Does anyone have any information about the 'official' technique when using water as a stop bath when developing in a Paterson 35mm tank?

Is it fill/invert/empty three times or something like that?

Thanks,
Christian
 
It's not really a stop, more of a way of washing the tank and (slightly) prolonging the life of the fixer.

There is little point in washing more than once -- indeed, the shorter the wash, within reason, the better, as you are not allowing the developer to keep on acting in an attenuated fashion. Agitation is utterly uncritical. A few seconds (15 to 30 -- doesn't matter as long as you're consistent) of sloshing around (inversions or rotations) is all you need.

Cheers,

Roger
 
Nothing "official", but I've been using a water stop for some time. I fill the tank, invert for 60 seconds, then dump the water. It has worked well enough for me over the past few years.
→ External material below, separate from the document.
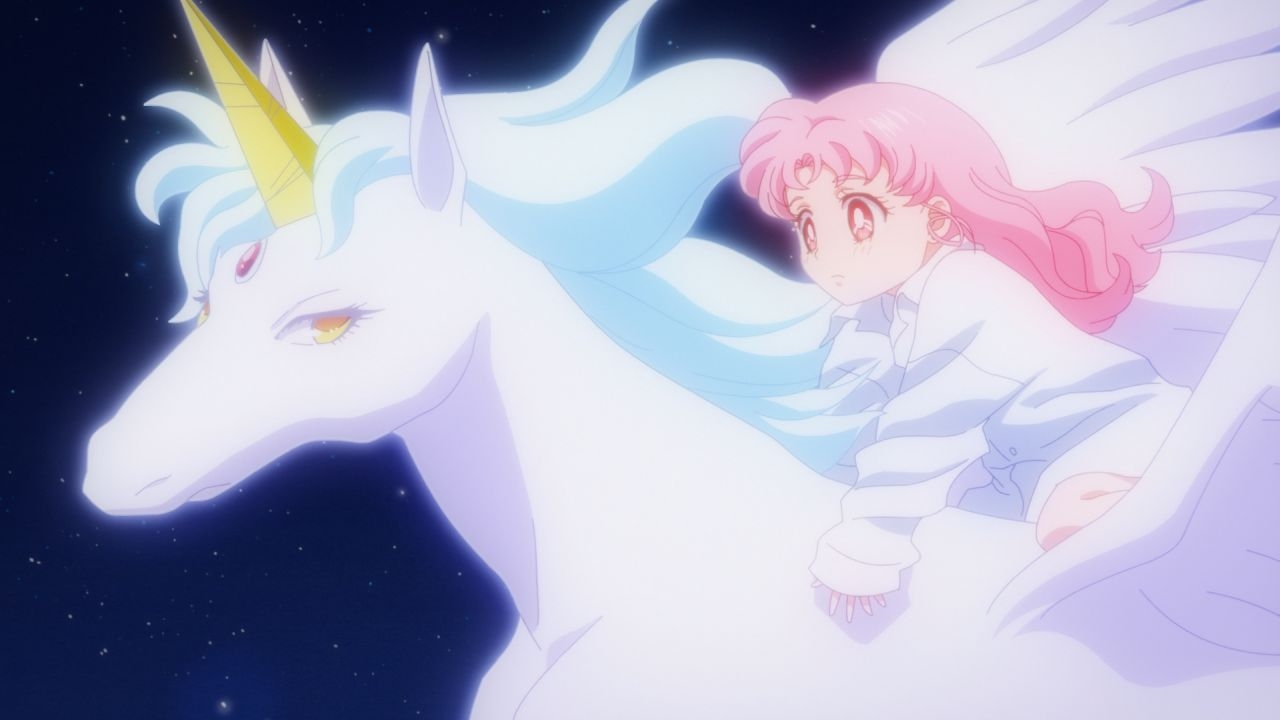 Sailor Moon12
I use Rodinal 1+100 or PC-TEA 1+50 for the developer - both having typical development times of 10 minutes or more. With a shorter development time and/or more aggressive developer, the technique I use may not be appropriate.
 
Technically speaking, water cannot be a stop bath since it does not really neutralise the developer. Stop bath has to be acidic to really arrest the action of developer and stop it completely.
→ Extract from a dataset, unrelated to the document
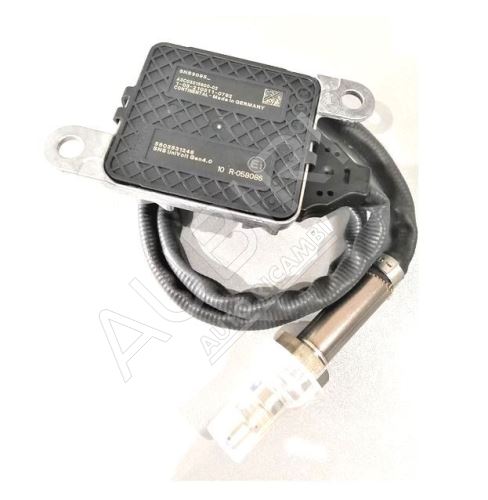 NOx-Sensor Iveco Daily ab 2019 615 mm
Water will just rinse the developer off. Fill and dump cycles of three or more times takes the developer out retained by the reel, tank, and film itself. Each fill and dump takes away part of this leaving a small part behind. More fill and dumps leaves less and less, making the environment inside the tank more friendly for the fixer.

How many times you do this depends on the developer you use. Dilute developers tend to be easier to wash off than highly alkaline more concentrated ones. For example, if you are using one of the carbonate Metol Hydroquinone "universal" developers like D72 (if you have reason to use it all!), you'd need to rinse more thoroughly than if you use Microdol 1+3 or D76 1+3.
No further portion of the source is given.